SEC. 7.Section 14581 of the Public Resources Code is amended to read:
14581.

(a)Subject to the availability of funds and in accordance with subdivision (b), the department shall expend the moneys set aside in the fund, pursuant to subdivision (c) of Section 14580, for the purposes of this section in the following manner:

(1)For each fiscal year, the department may expend the amount necessary to make the required handling fee payment pursuant to Section 14585.

(2)(A)Fifteen million dollars ($15,000,000) shall be expended annually for payments for curbside programs and neighborhood dropoff programs pursuant to Section 14549.6.

(B)The department shall withhold payments to curbside programs and neighborhood dropoff programs in any city, county, or city and county that has prohibited the siting of a certified recycling center, caused a certified recycling center to close its business, or adopted a land use policy that restricts or prohibits the siting of a certified recycling center within its jurisdiction.

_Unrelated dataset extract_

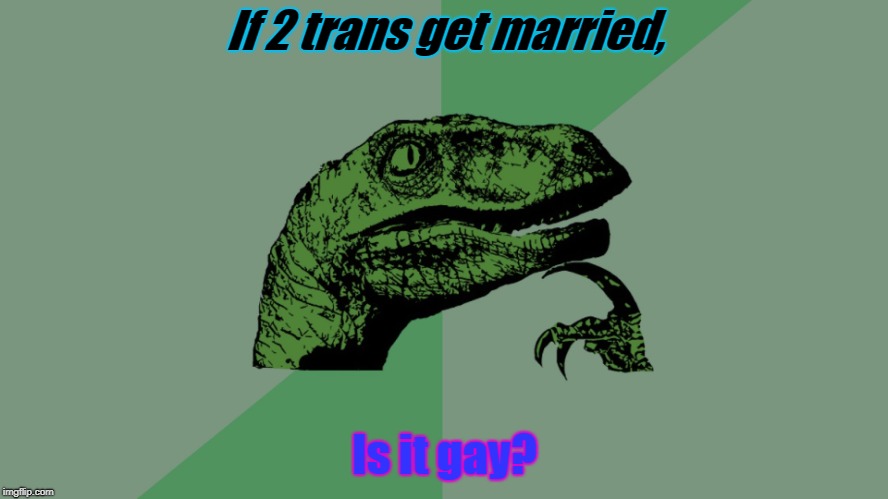 I literally dont know please tell me in comments | If 2 trans get married, Is it gay? | image tagged in philosophy dinosaur,gay,trans,philosoraptor,memes,question | made w/ Imgflip meme maker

(3)(A)Ten million five hundred thousand dollars ($10,500,000) may be expended annually for payments of five thousand dollars ($5,000) to cities and ten thousand dollars ($10,000) for payments to counties for beverage container recycling and litter cleanup activities, or the department may calculate the payments to counties and cities on a per capita basis, and may pay whichever amount is greater, for those activities.

(B)Eligible activities for the use of these funds may include, but are not necessarily limited to, support for new or existing curbside programs, neighborhood dropoff programs, public education promoting beverage container recycling, litter prevention, and cleanup, cooperative regional efforts among two or more cities or counties, or both, or other beverage container recycling programs.

(C)These funds shall not be used for activities unrelated to beverage container recycling or litter reduction.

(D)To receive these funds, a city, county, or city and county shall fill out and return a funding request form to the department. The form shall specify the beverage container recycling or litter reduction activities for which the funds will be used.

(E)The department shall annually prepare and distribute a funding request form to each city, county, or city and county. The form shall specify the amount of beverage container recycling and litter cleanup funds for which the jurisdiction is eligible. The form shall not exceed one double-sided page in length, and may be submitted electronically. If a city, county, or city and county does not return the funding request form within 90 days of receipt of the form from the department, the city, county, or city and county is not eligible to receive the funds for that funding cycle.

(F)For the purposes of this paragraph, per capita population shall be based on the population of the incorporated area of a city or city and county and the unincorporated area of a county. The department shall withhold payment to any city, county, or city and county that has prohibited the siting of a supermarket site, caused a supermarket site to close its business, or adopted a land use policy that restricts or prohibits the siting of a supermarket site within its jurisdiction.

(4)One million five hundred thousand dollars ($1,500,000) may be expended annually in the form of grants for beverage container recycling and litter reduction programs.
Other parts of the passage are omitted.